__Your assignment__:
This exercise calls for the data below to be retyped exactly, minus any images.

__Working data__:
########

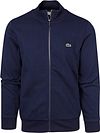 Lacoste Cardigan Full Zip Bleu foncé SH9622-166 commander en ligne | Suitable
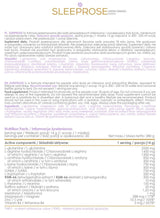AllDeynn | SleepRose - Night Formula 280 gramm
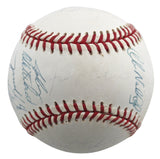 1992 Expos (22) Walker, Carter, Wallach +19 Signed Onl Baseball BAS #AA03193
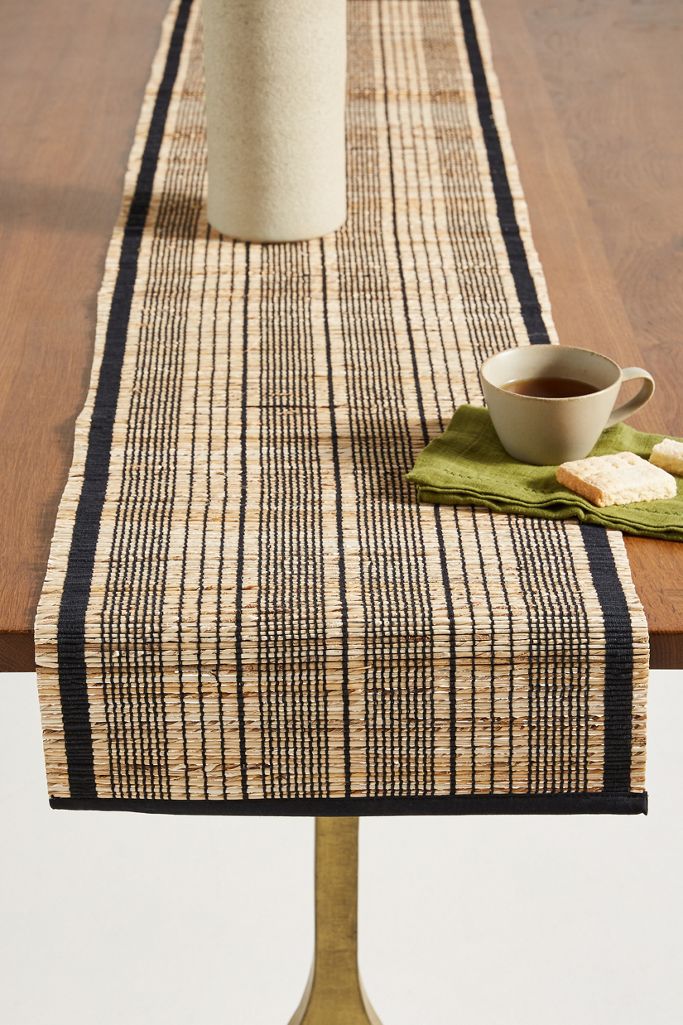 Banana Leaf Table Runner Anthropologie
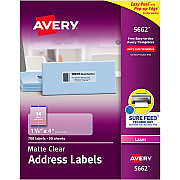 Avery Easy Peel Return Address Labels (AVE5662)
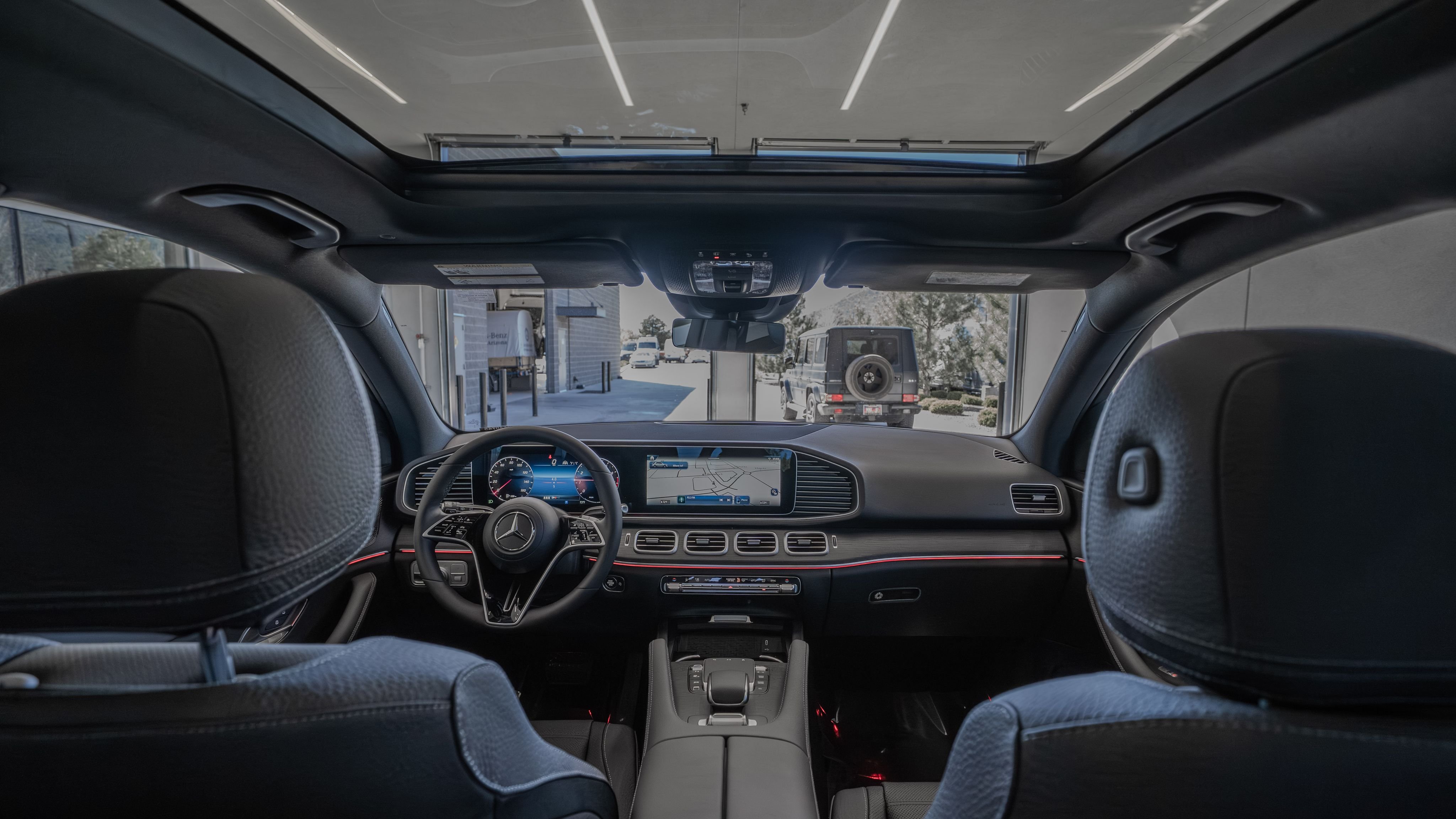 New 2026 Obsidian Black Metallic Mercedes-Benz GLE 580 image 26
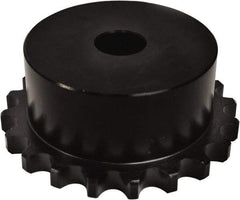 U.S. Tsubaki - 5/8" Bore Diam Plain Bore Roller Chain Coupling - 3.789" Coupling OD - Caliber Tooling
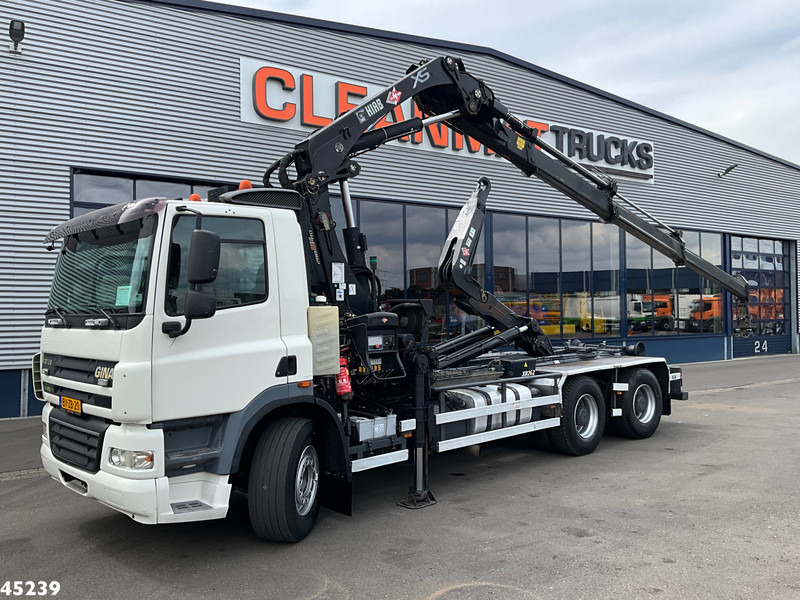 Ginaf X 3232 S Euro 5 Manual Hiab 28 Tonmeter laadkraan - شاحنة برافعة خطافية, شاحنة كرين: صورة 1 Ginaf X 3232 S Euro 5 Manual Hiab 28 Tonmeter laadkraan - شاحنة برافعة خطافية, شاحنة كرين: صورة 1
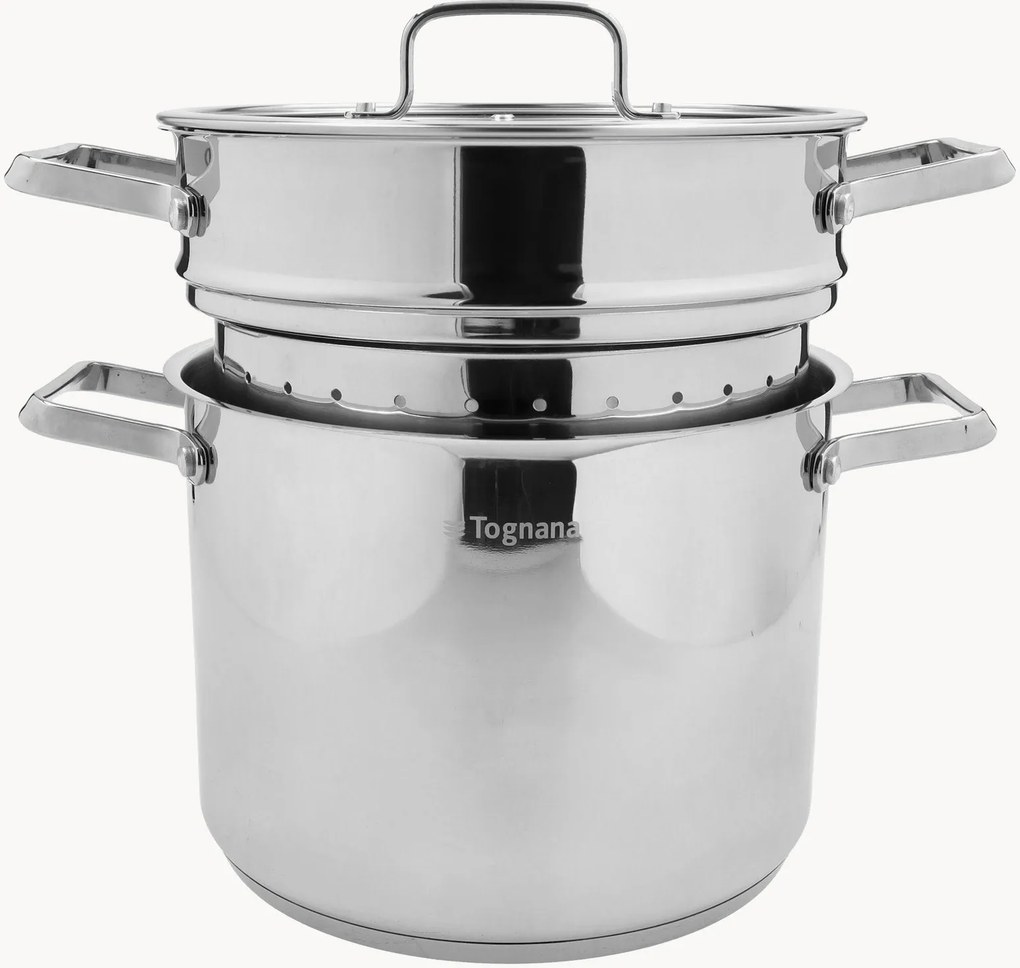 Panelas para esparguete Grancucina Iconiqa, conjunto de 3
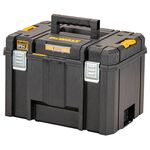 Ящик TSTAK 2.0 DeWALT, 440x330x300 мм, увеличенной емкости, фото  | SNABZHENIE.com.ua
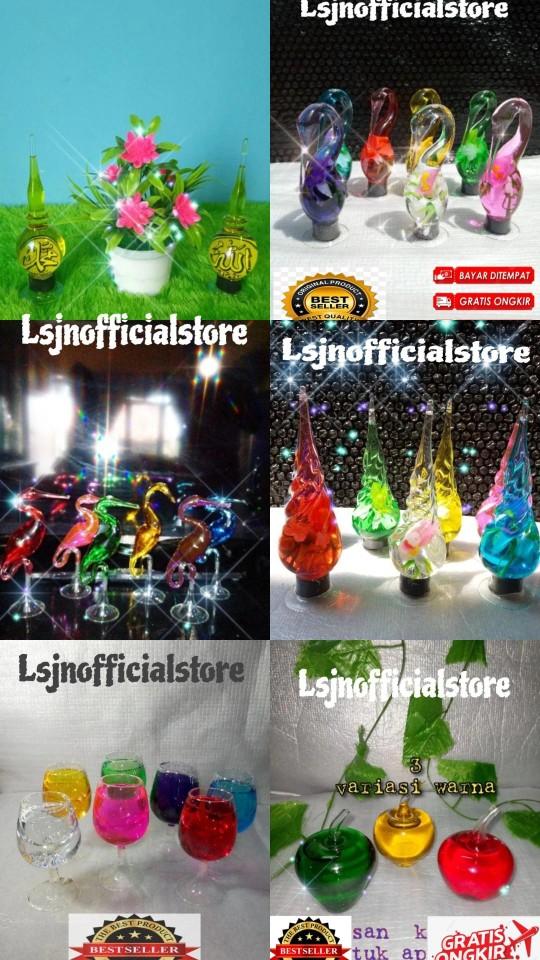 Product Introduction of Hiasan Souvenir Pajangan Prakarya Kaca Model Kaligrafi 1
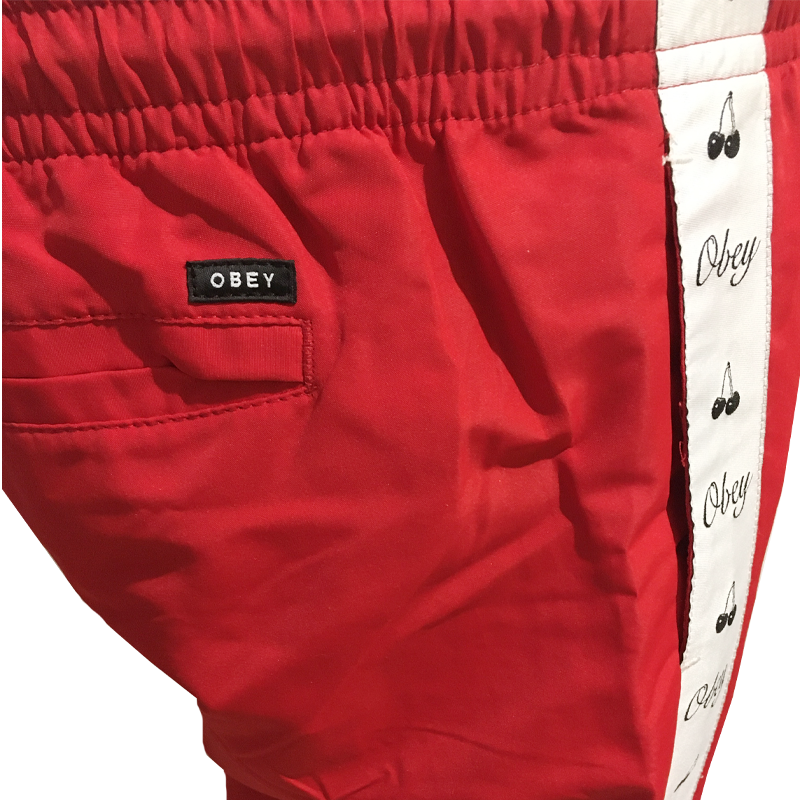 Obey jogging red 1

########

__Written solution__:
 Lacoste Cardigan Full Zip Bleu foncé SH9622-166 commander en ligne | Suitable
AllDeynn | SleepRose - Night Formula 280 gramm
 1992 Expos (22) Walker, Carter, Wallach +19 Signed Onl Baseball BAS #AA03193
 Banana Leaf Table Runner Anthropologie
 Avery Easy Peel Return Address Labels (AVE5662)
 New 2026 Obsidian Black Metallic Mercedes-Benz GLE 580 image 26
 U.S. Tsubaki - 5/8" Bore Diam Plain Bore Roller Chain Coupling - 3.789" Coupling OD - Caliber Tooling
 Ginaf X 3232 S Euro 5 Manual Hiab 28 Tonmeter laadkraan - شاحنة برافعة خطافية, شاحنة كرين: صورة 1 Ginaf X 3232 S Euro 5 Manual Hiab 28 Tonmeter laadkraan - شاحنة برافعة خطافية, شاحنة كرين: صورة 1
 Panelas para esparguete Grancucina Iconiqa, conjunto de 3
 Ящик TSTAK 2.0 DeWALT, 440x330x300 мм, увеличенной емкости, фото  | SNABZHENIE.com.ua
 Product Introduction of Hiasan Souvenir Pajangan Prakarya Kaca Model Kaligrafi 1
 Obey jogging red 1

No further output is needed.